In this post we have taken a recent research paper published by the Blast research group at Imperial College, London, and created a word cloud where the size of each word varies, depending on how often it’s used.
The paper, “Blast-related fracture patterns: a forensic biomechanical approach” by A Ramasamy et al was published in the Journal of the Royal Society Interface, and looks at the different effects of combat explosions on the body, comparing blasts that occur inside vehicles to those that take place in the open.
A quick look through this word cloud reveals the main thrust of the research.

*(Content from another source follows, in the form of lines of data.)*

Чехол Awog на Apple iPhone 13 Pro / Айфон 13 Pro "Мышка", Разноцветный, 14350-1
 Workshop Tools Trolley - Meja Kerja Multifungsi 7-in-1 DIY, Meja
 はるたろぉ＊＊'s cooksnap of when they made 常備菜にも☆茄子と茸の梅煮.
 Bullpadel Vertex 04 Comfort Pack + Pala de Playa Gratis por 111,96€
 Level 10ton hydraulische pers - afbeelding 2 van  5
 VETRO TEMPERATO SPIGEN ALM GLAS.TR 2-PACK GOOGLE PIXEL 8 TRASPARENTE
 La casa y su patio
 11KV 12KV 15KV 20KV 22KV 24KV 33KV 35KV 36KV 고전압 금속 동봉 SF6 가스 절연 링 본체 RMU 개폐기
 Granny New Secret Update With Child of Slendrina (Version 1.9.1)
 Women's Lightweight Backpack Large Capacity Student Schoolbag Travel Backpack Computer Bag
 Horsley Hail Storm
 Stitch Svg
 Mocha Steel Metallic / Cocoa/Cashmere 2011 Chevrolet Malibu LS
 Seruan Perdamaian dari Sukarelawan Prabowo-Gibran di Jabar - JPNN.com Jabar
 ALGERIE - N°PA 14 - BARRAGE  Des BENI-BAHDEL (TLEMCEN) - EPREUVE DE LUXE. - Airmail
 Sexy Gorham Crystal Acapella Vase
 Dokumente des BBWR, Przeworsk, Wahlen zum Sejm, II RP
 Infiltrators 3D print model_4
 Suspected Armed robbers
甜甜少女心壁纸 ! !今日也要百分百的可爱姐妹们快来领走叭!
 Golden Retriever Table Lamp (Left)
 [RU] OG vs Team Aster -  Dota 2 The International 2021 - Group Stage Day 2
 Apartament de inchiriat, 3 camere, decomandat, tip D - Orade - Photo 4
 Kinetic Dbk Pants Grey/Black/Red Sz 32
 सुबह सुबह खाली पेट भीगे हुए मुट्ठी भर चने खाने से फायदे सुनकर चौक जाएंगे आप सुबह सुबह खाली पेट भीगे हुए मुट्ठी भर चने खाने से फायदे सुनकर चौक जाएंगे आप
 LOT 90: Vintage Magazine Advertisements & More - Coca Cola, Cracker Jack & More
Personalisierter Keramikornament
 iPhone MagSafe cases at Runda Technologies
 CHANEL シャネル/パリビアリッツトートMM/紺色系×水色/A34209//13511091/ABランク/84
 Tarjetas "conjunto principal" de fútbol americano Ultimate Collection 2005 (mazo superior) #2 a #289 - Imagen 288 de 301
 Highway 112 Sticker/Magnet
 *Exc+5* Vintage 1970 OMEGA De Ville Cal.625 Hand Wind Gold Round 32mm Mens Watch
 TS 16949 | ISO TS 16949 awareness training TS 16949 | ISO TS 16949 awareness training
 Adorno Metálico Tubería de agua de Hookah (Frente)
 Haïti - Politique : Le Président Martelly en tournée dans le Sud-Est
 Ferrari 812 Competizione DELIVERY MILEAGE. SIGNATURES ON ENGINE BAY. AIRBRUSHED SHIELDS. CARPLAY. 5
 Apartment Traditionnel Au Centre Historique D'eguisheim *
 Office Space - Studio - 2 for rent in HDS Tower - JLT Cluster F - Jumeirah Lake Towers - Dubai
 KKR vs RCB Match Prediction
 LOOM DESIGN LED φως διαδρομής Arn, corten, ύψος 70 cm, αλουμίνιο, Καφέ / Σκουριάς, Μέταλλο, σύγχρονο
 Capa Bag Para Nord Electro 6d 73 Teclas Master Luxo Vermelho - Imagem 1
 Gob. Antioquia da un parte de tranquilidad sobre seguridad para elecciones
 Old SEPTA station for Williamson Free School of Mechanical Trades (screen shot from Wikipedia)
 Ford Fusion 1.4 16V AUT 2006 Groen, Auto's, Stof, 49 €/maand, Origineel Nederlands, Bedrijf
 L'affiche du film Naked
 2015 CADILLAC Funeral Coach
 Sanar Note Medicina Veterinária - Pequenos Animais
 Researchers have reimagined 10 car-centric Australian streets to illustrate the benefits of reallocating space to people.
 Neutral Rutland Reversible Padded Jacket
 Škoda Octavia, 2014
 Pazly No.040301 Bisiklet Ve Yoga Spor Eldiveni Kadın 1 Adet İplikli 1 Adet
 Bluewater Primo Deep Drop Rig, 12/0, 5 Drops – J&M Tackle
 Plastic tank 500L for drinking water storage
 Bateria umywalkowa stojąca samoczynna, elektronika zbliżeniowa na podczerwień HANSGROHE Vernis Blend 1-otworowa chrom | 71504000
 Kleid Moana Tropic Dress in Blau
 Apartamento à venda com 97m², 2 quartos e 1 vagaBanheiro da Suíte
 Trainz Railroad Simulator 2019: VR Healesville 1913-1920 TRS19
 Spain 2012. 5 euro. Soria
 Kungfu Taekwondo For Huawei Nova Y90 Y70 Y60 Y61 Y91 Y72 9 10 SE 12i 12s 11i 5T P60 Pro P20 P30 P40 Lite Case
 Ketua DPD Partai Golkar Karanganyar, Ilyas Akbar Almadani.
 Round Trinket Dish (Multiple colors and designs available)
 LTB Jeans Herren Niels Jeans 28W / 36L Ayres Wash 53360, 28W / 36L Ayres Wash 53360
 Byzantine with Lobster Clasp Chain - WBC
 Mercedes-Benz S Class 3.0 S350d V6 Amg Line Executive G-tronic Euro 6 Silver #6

However, on closer examination you can start to uncover the nature of science itself. Words such as “data” and “figure” indicate how researchers validate their conclusions. The prevalence of the word, “et” (from a citation “et al”), indicates that the group has used a number of references to both justify their findings and give them greater meaning by linking them to a wider scientific network.
On the other hand, it also raises some questions. What are ZoIs? And what do waves have to do with blast injuries? These technical details and nuances of the research process are something that can only be understood if you delve deeper in the lab’s research.
Arul Ramasamy, Adam M. Hill, Spyros Masouros, Iain Gibb, Anthony M. J. Bull, and Jon C. Clasper
Blast-related fracture patterns: a forensic biomechanical approach
J R Soc Interface 2010 : rsif.2010.0476v1-rsif20100476.